(Not about Facebook. Once upon a time, I'd "tag" posts in the title, like "BSG:" for Battlestar Galactica, or "Cheese Sandwich:" for mundane posts. I digress.)
Blogging about blogging goes in waves, I think. It's a Conway thing. Someone posts something about blogging on their blog, they have enough followers in proximity that it gets picked up, those bloggers, in turn, have bloggers that pick it up, etc., etc.
Anyway, this popped up in my feed this morning, and here I am being a dutiful blogular automaton, linking to the thing he was linking to.
Has anyone ever explored blogging as a cocktail party? I'm pretty sure it's been done as a salon. Some people want to be the center of attention. Some people are the center of attention. Most of us just don't want to stay home, and we enjoy watching people, or meeting people, seeing old friends.

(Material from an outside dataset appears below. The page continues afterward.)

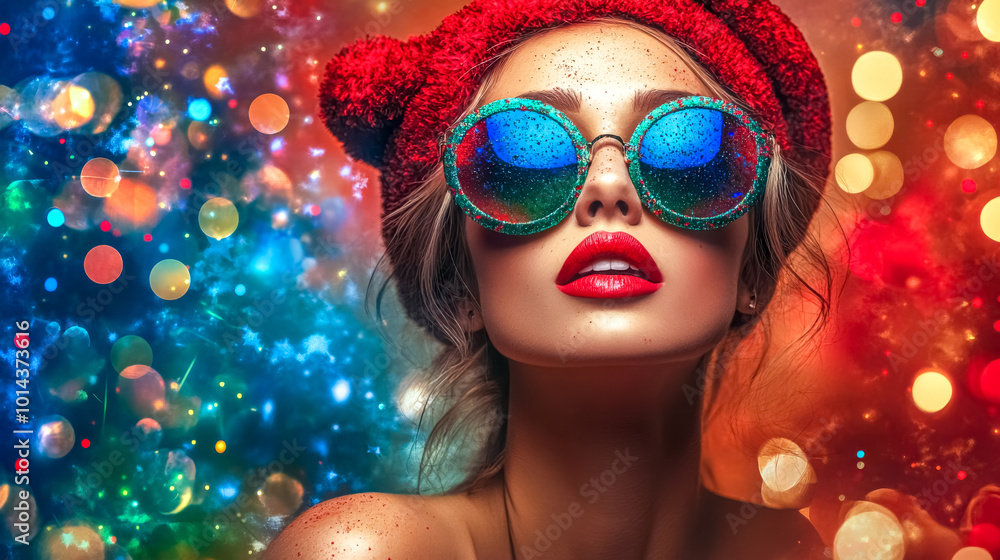 Beautiful woman wearing sunglasses and woolen hat posing on shiny background Beautiful woman wearing sunglasses and woolen hat posing on shiny background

I like to think that sometimes the "content," at least about things we're passionate about, may contribute to some net vector sum of what passes for "social thought." The zeitgeist. It feels like ranting into the void to no discernible effect, but who knows, really? Maybe it's not.
Chris O'Donnell (Who shares a name with one of my classmates in my company at USNA, also an ocean engineer.) wrote yesterday, "I've spent a lot of time over the last 20+ years writing a lot of words that were read by not many people."
To which I reply, I've got you beat! 456,424 words read by not many people!
Which doesn't include the >900K words in Groundhog Day. (May its memory be a blessing.) And who knows how many words in Time's Shadow. The marmot's been predicting the weather since 1999.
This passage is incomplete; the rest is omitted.